## Given information

• • • • • • •

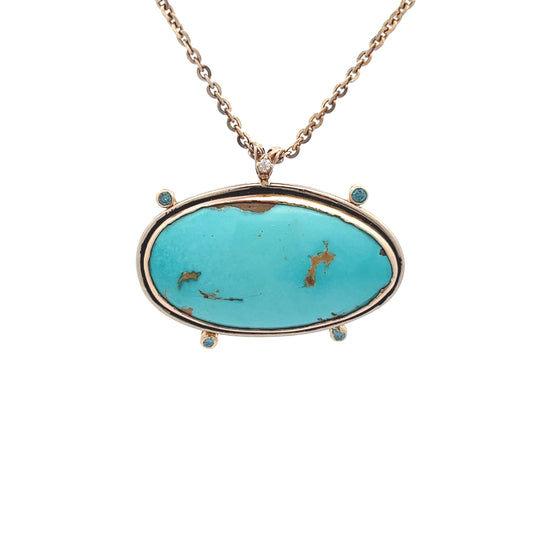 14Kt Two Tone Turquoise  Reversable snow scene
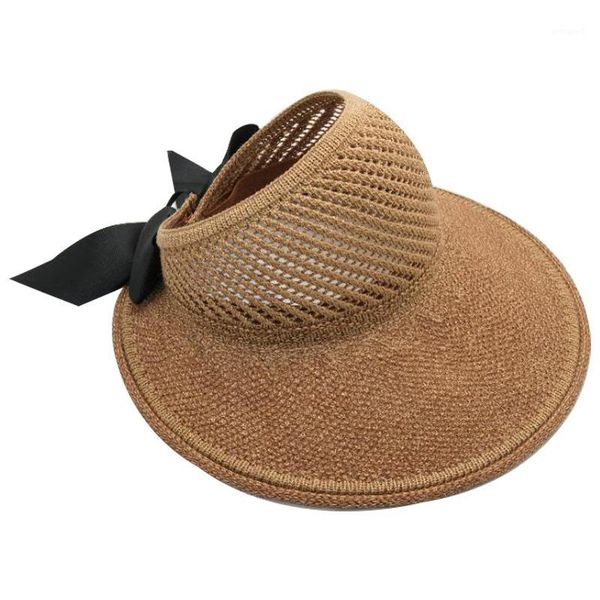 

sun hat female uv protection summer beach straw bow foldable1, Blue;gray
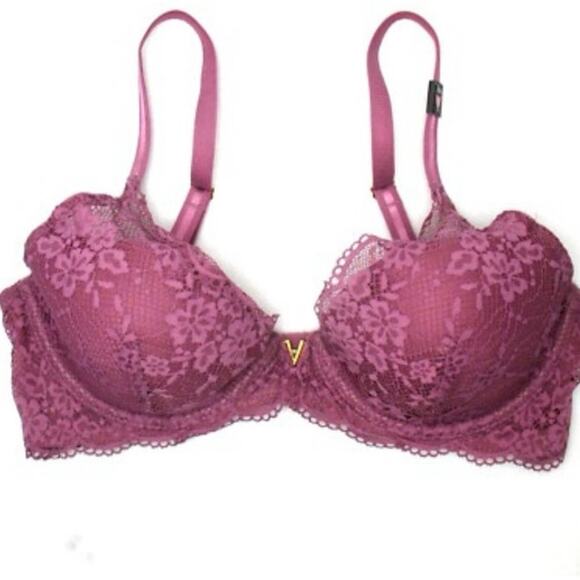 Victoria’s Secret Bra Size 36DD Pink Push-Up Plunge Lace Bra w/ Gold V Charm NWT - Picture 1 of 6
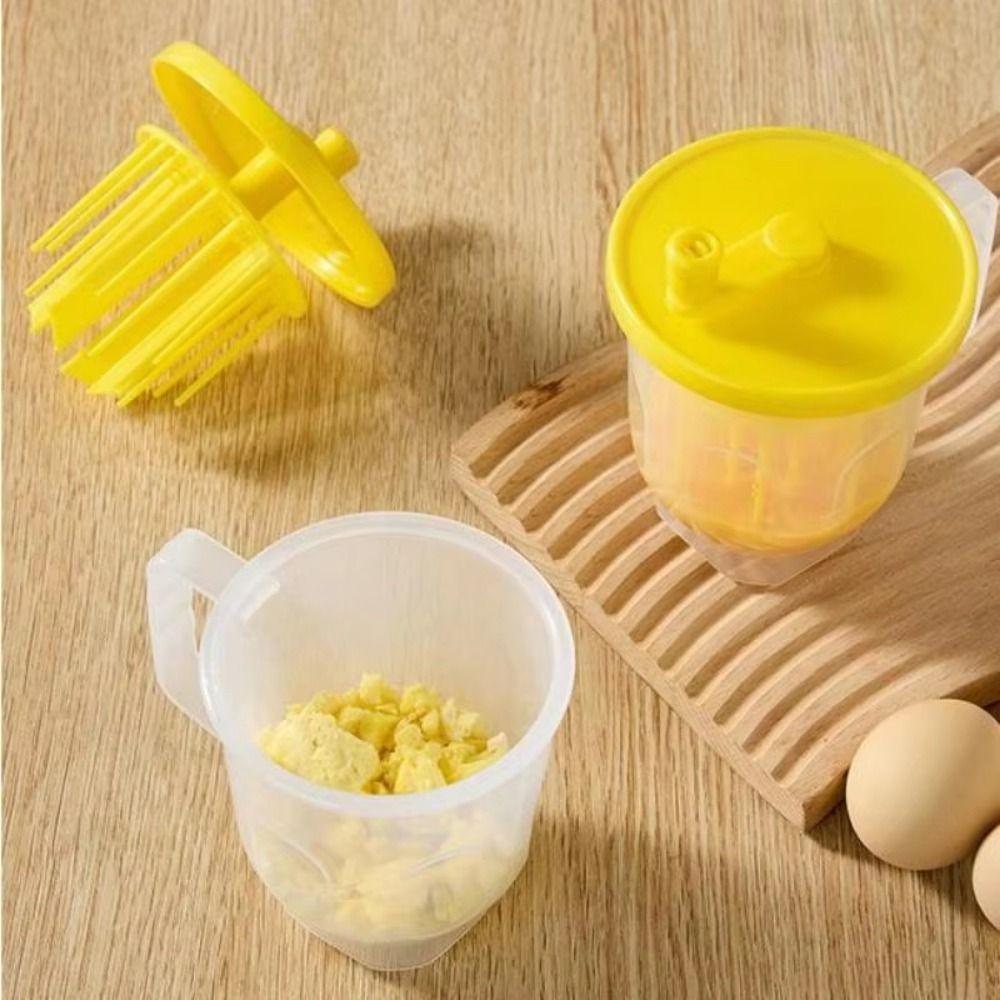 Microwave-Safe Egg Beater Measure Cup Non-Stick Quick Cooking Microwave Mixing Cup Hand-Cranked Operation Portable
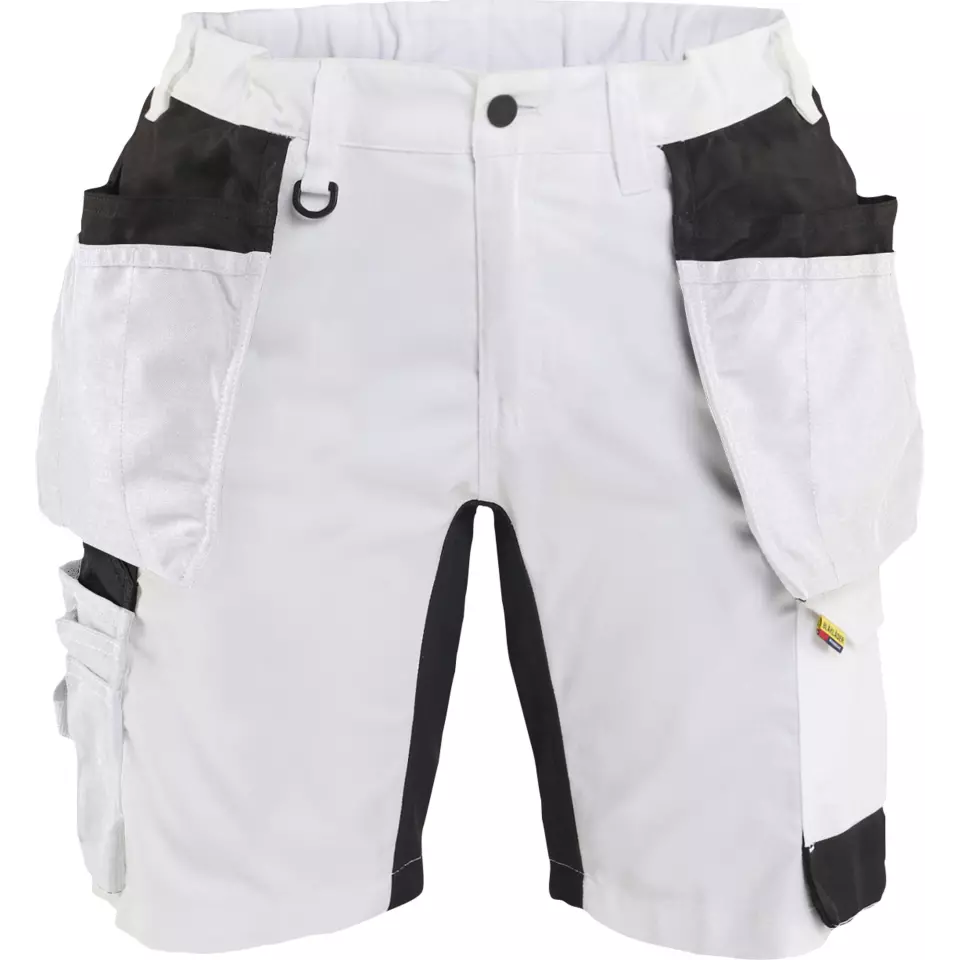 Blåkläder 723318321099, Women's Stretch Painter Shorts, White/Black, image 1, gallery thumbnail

• • • • • • •

## Exercise directions
Leave out the pictures and reproduce the rest of the listing exactly.

## Completed task
 14Kt Two Tone Turquoise  Reversable snow scene

sun hat female uv protection summer beach straw bow foldable1, Blue;gray
 Victoria’s Secret Bra Size 36DD Pink Push-Up Plunge Lace Bra w/ Gold V Charm NWT - Picture 1 of 6
 Microwave-Safe Egg Beater Measure Cup Non-Stick Quick Cooking Microwave Mixing Cup Hand-Cranked Operation Portable
 Blåkläder 723318321099, Women's Stretch Painter Shorts, White/Black, image 1, gallery thumbnail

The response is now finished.